Why it matters: Reversing the decisions of the lower courts, the Supreme Court found that HMRC’s breach of its duty of confidentiality could not be justified by its stated goal of fostering good relationships with the financial press. The Commissioners for Revenue and Customs Act 2005 s 18(2)(a)(i) could not be read as giving HMRC a discretion so wide that it would ‘emasculate’ its duty of confidentiality.

‘The judgment emphasises that HMRC’s duty of confidentiality is a fundamental duty owed to the taxpayer and aligned with the common law duty. In practice, it is likely that HMRC will now be increasingly wary of making disclosures, unless they fall squarely within a specific exclusion or are overwhelmingly justified …  The fact that the court refocused the discussion onto a question of common law breach of confidentiality means that the strength of the judicial review application was not addressed. Arguably, it was even implicit in Lord Toulson’s judgment that HMRC might actually have succeeded were this a matter of public law. If a court will not intervene into actions taken by HMRC that represent a clear breach of confidentiality and a matter of “serious concern”, then what purpose does judicial review serve?’ (Gideon Sanitt, Tax Journal, 28 October 2016).

MG Rover and others: VAT groups and the right to recover overpaid VAT

In HMRC v MG Rover Group Ltd; Standard Chartered plc v HMRC [2016] UKUT 434 (19 October 2016), the UT found that VATA 1994 s 43 required, as permitted by the Principal VAT Directive art 4(4), repayment rights under VATA 1994 s 80 to be held only by the representative member both before and after the relevant trader had left the group, or the group had been dissolved.

The decisions of the FTT, in Standard Chartered Plc v HMRC; Lloyds Banking Group Plc v HMRC [2014] UKFTT 316 and MG Rover Group Ltd v HMRC, BMW (UK) Holdings and Rover Company Ltd v HMRC [2014] UKFTT 327, turned on the interaction between the grouping provisions in VATA 1994 s 43, when a company moved into or out of a VAT group, and the entitlement to repayment under VATA 1994 s 80.

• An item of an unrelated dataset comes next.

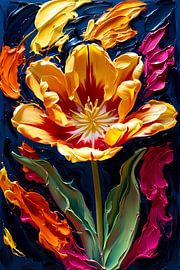 Colourful expressive abstract flower by Art & Soul Creations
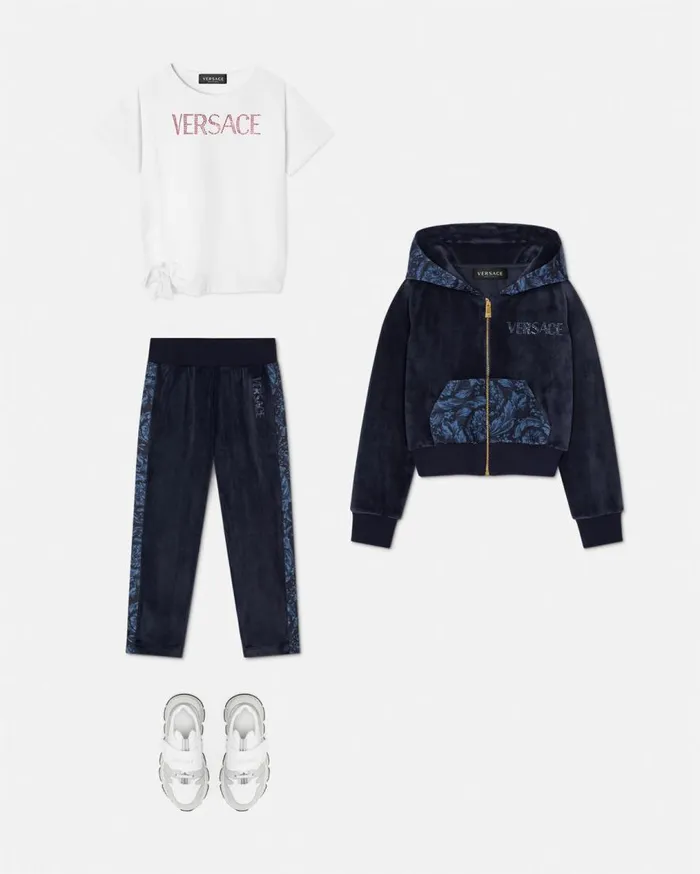 Versace Clothing Barocco Velvet Kids Zip Hoodie Blue 8211 Children Versace Clothing Barocco Velvet Kids Zip Hoodie Blue 8211 Children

It had been directed that all the appeals be heard together. The UT found that the scheme created by s 43 complied with art 4(4). The transactions undertaken by each member were treated as if undertaken by one person, so that each individual member was no longer a taxable person and intra group transactions were disregarded. This satisfied the requirement that members were treated as if they were a single person. Consequently, VATA 1994 provided only the representative member with the associated rights to make a claim under s 80. This meant that transactions which had taken place while a VAT group had existed, did not cease to be subject to that regime when a member left the group or a group was disbanded.

Read the decision.

Why it matters: Two FTTs had reached differing views on this question, deciding in the case of Lloyds and Standard Chartered that the claim remained with the VAT group, but in MG Rover and BMW that the claim belonged to the former member. The UT observed that VATA 1994 s 43 provided a two stage process. At the first stage, the VAT rights and obligations of a notional single person were determined. At the second stage, those rights and obligations were attributed to the member who had been treated as that single person; the representative member of the group.

‘Businesses and advisers will therefore need to pay close attention to who is entitled to submit any bad debt relief claim, once the RWS (real world supplier) is separate from the VAT group it was in at the time the sales were made. Indeed, the UT judges suggest that arrangements could be made to ensure that the RWS  receives the benefit of any bad debt relief or VAT repayment claim when it leaves the group (assuming all parties are agreeable to that)’ (Sian Beusch, Tax Journal, 17 November 2016).